▶ **What is needed**:
Retype the listing exactly, with no images.

▶ **Exercise data**:
:::::

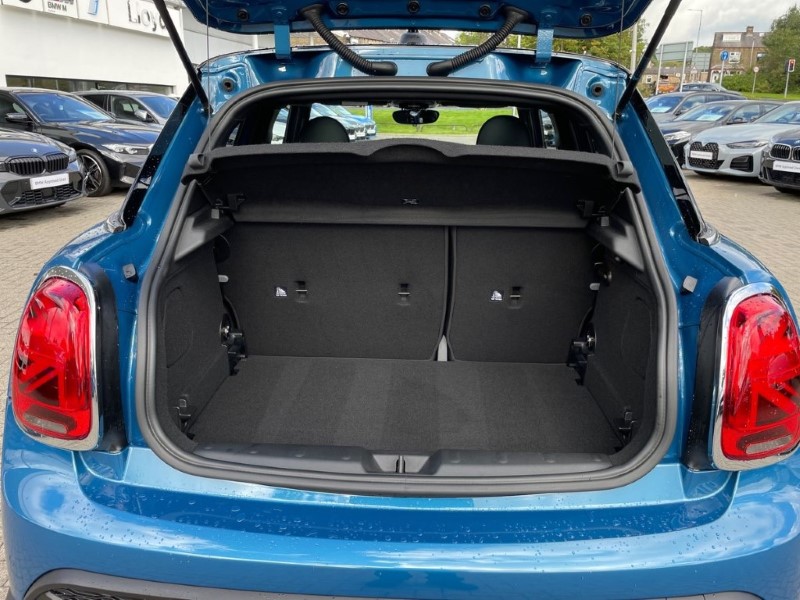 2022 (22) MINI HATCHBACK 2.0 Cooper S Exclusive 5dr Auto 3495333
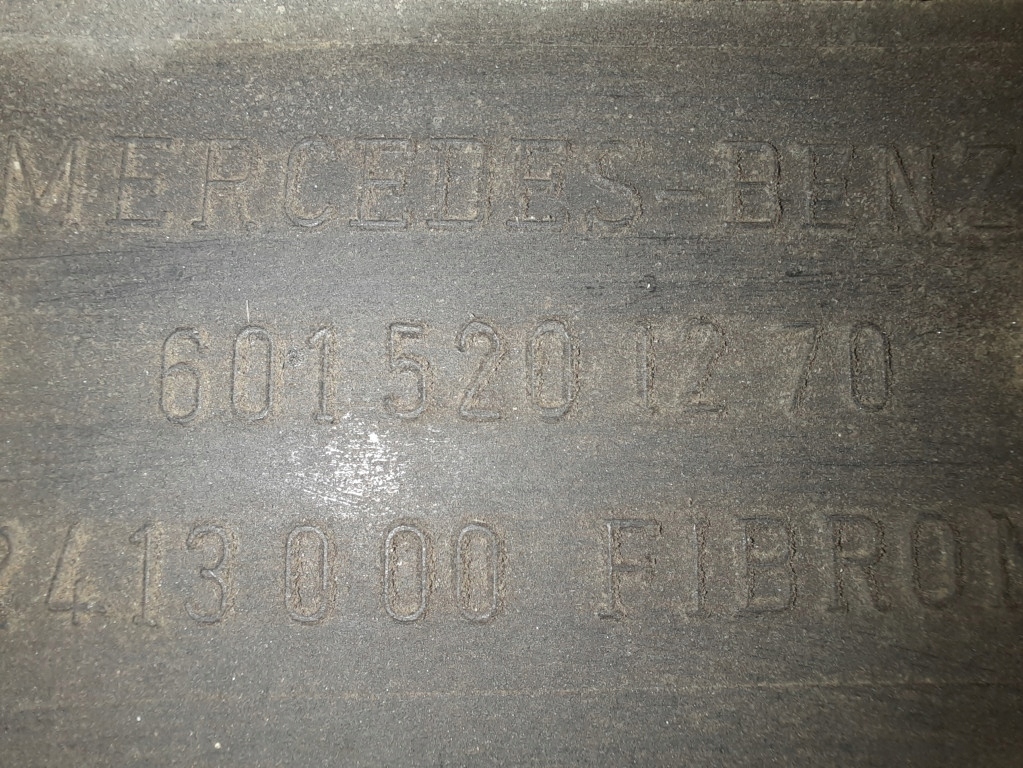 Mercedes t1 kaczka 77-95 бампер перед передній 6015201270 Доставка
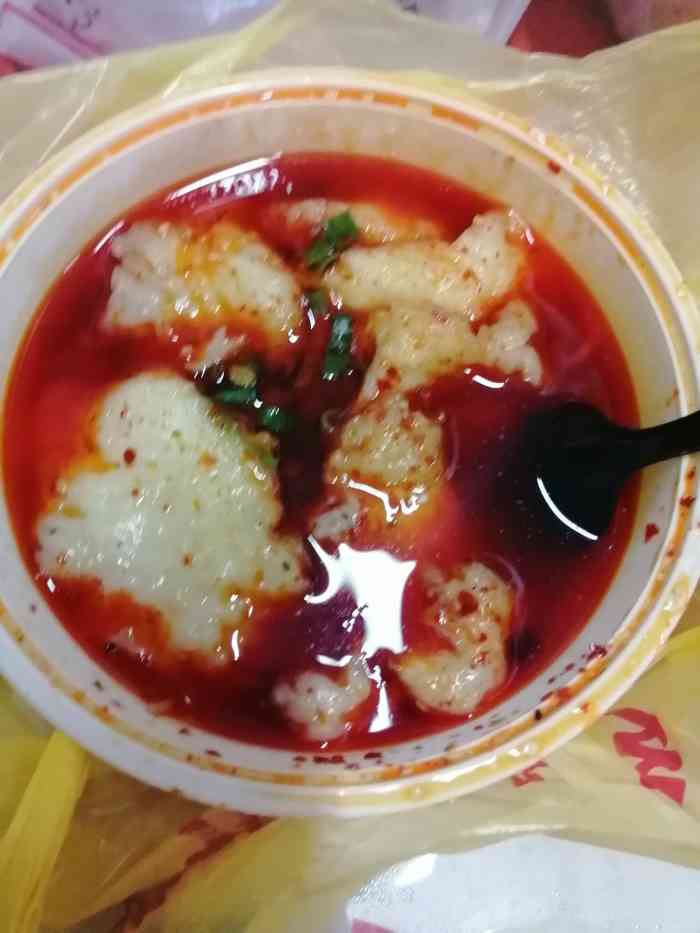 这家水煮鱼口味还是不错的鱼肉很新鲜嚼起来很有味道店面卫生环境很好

:::::

▶ **Output**:
 2022 (22) MINI HATCHBACK 2.0 Cooper S Exclusive 5dr Auto 3495333
 Mercedes t1 kaczka 77-95 бампер перед передній 6015201270 Доставка
 这家水煮鱼口味还是不错的鱼肉很新鲜嚼起来很有味道店面卫生环境很好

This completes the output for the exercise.